We have three new families coming out to work with KISC this summer. They have been emailing us over the past month or so as they prepare to leave the UK and move abroad for the first time. They have had lots of questions about what life is like here, what they need to bring with them, and what not to bring!

This has got me thinking a bit more again about the ways in which our day to day life here is quite different to "normal" life in the UK. So I thought I would share some of the ways that our life is different.

As I write this it is Sunday evening, so I thought I would go back over our day.

This morning was a good morning, we were woken by the sounds of the church bells going off (instead of by one of our children waking up too early). We live right next to the Catholic church, the only one in Nepal, and they have a call to prayer at 6am and 6pm every day. So this is an unusual sound in Nepal, but it is soon joined by normal Nepali noises, such as people ringing their puja bells, some days we can hear someone blowing a loud trumpet at the local hindu temple, dogs barking, people clearing out their throat and on a quiet morning we can occasionally hear the howling monkeys at Kathmandu zoo which is just 5 mins from our house.

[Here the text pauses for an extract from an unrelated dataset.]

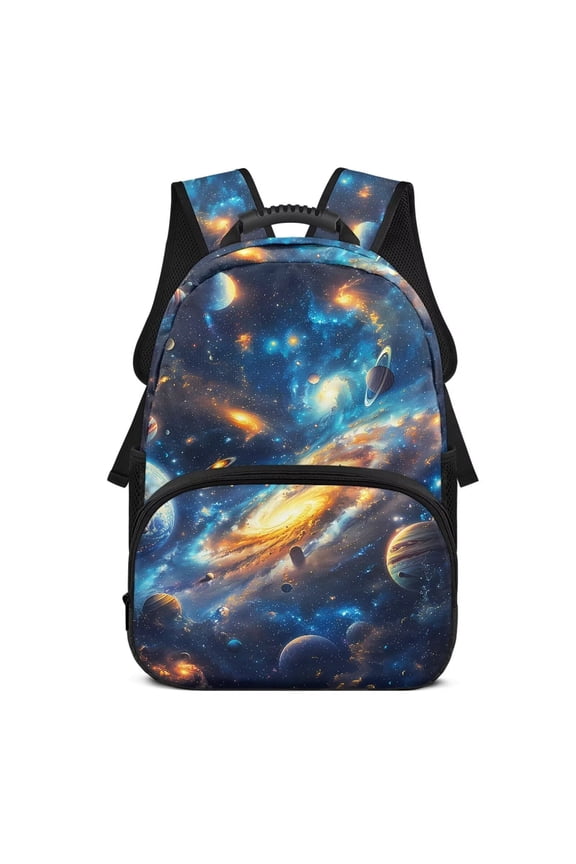 17 Inch Cosmic Galaxy Space Backpack for Kids, Breathable Lightweight School Bag with Adjustable Shoulder Straps, Perfect for Kindergarten and Sports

This morning was also a good morning as it is one of the two mornings a week when we have electricity when we wake up. This means we can put the water heater on and have hot showers. We also have a solar water heater and so at this time of year we usually have evening showers once the water has heated up, and as temperatures rise we can sometimes have a hot shower the next morning from that, but it rained yesterday so not today. Our bathroom is full of buckets and plastic bowls as we keep all our shower water and clothes washing water and use it to flush the loo and water flowers as water shortages are a major problem in Nepal (hence all the power cuts as our power is hydroelectric).

Sam also had a bath this morning in a big plastic bowl as we don't have a bath.

We then went of to International church. There are about 250 people there each week from all over the world. It is a very transient community and so as part of the service they always have a "hellos and goodbyes" section where first timers can introduce themselves and those leaving can say their farewells. There are always a lot of hellos and often goodbyes to say as well.

This afternoon we decided to rearrange our lounge as the weather is getting warmer and our lounge has a fan in the ceiling at one end so we wanted to move our sofe to be under it. The problem is our back up light (for when the power is off) is at the other end of the lounge. So we have swap which end of the lounge we sit when the power comes and goes.

Part of life here is also illness. We have to boil and filter all our water. If we are eating fruit and veg without cooking or peeling it then we have to soak it in iodine water for 20mins to kill of any bugs and in monsoon we don't eat salad at all as even that won't kill of all the bugs! So part of our day today was that Sam had a dodgy tummy. Poor boy! But he didn't seem to feel ill with it thankfully. Our first year here we were ill a lot, but the longer we are here the stronger our stomachs become and the less often we get ill. Sam and Mim obviously have strong stomachs too as they are rarely ill which is amazing when you consider that Sam's thumb is rarely out of his mouth and Mim is now crawling and at the stage where everything she finds goes straight in her mouth!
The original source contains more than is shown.